[Brief descriptive captions]
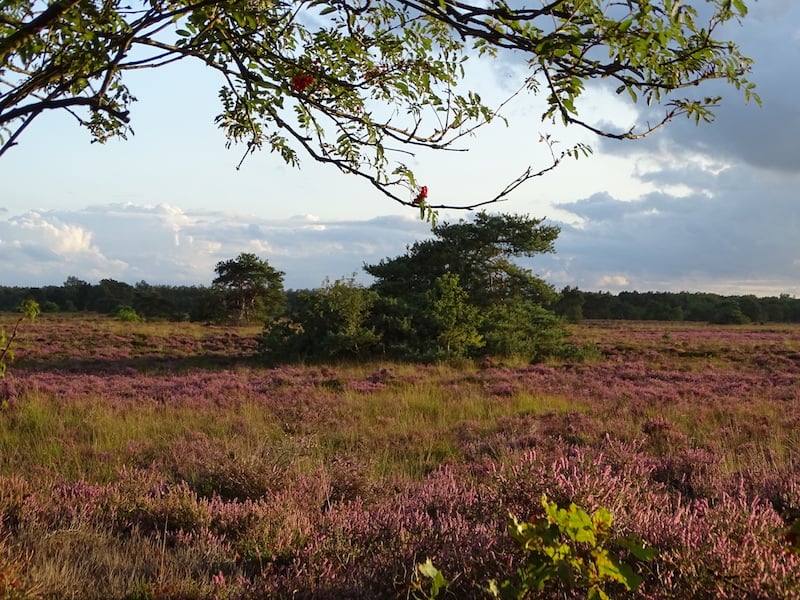 Mooiste Plekje Holtingerveld - bij de Meeuwenkolonie Carolien Pot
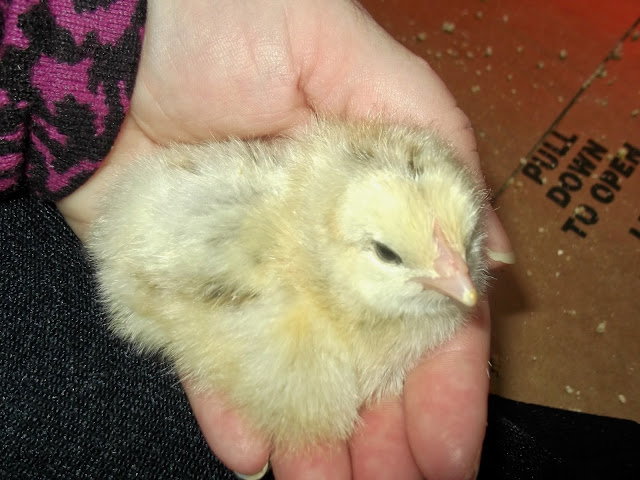 Hatched Chick, In Hand, 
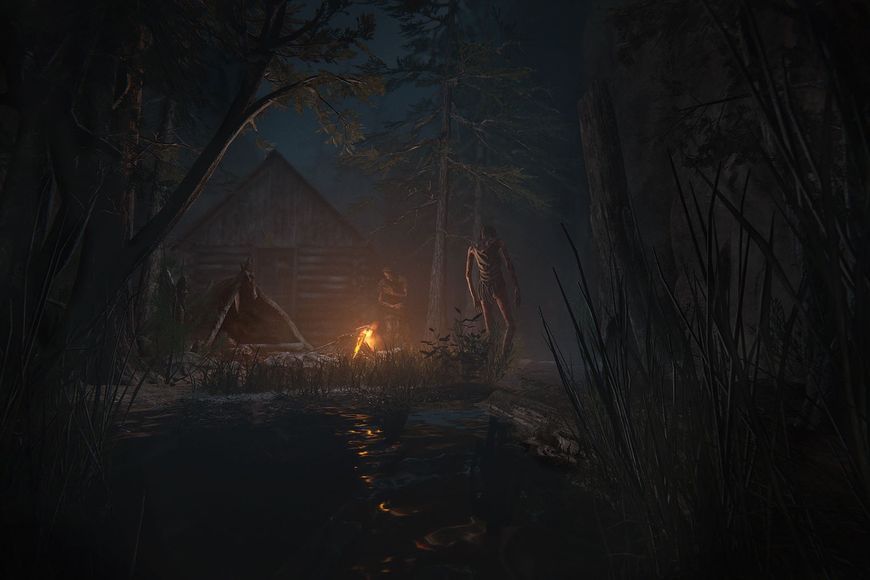 Outlast 2 - Ключ Steam Steam ключ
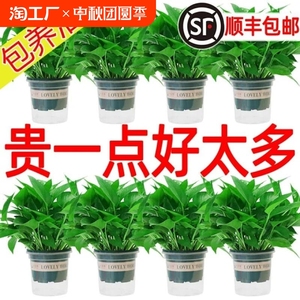 除甲醛净化空气绿萝盆栽室内好养水培大叶绿箩绿植家用新房吸甲醛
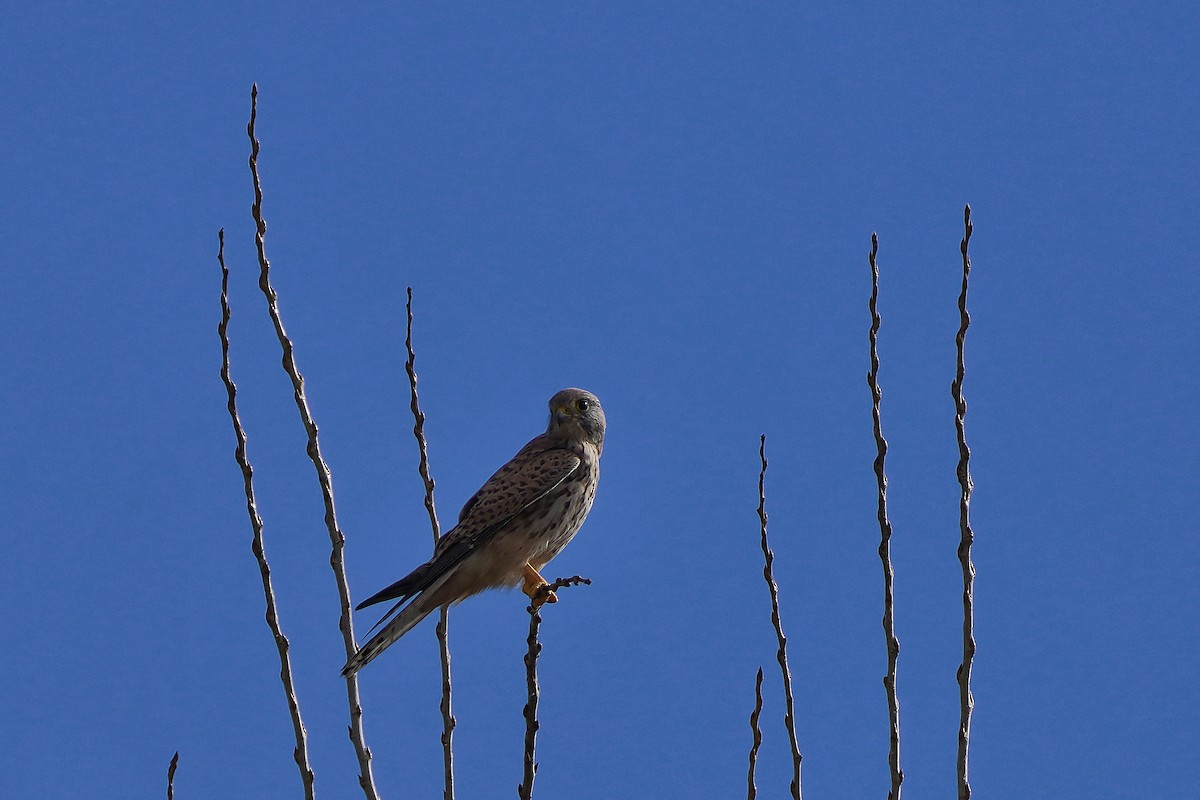 Пустельга - ML644588096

> WHAT THE TASK REQUIRES
Leave out every picture, and repeat word for word only the lines from the one holding "Outlast 2 - Ключ Steam Steam ключ" through the end of the entries above, both ends included.

> TASK RESULT
 Outlast 2 - Ключ Steam Steam ключ
 除甲醛净化空气绿萝盆栽室内好养水培大叶绿箩绿植家用新房吸甲醛
 Пустельга - ML644588096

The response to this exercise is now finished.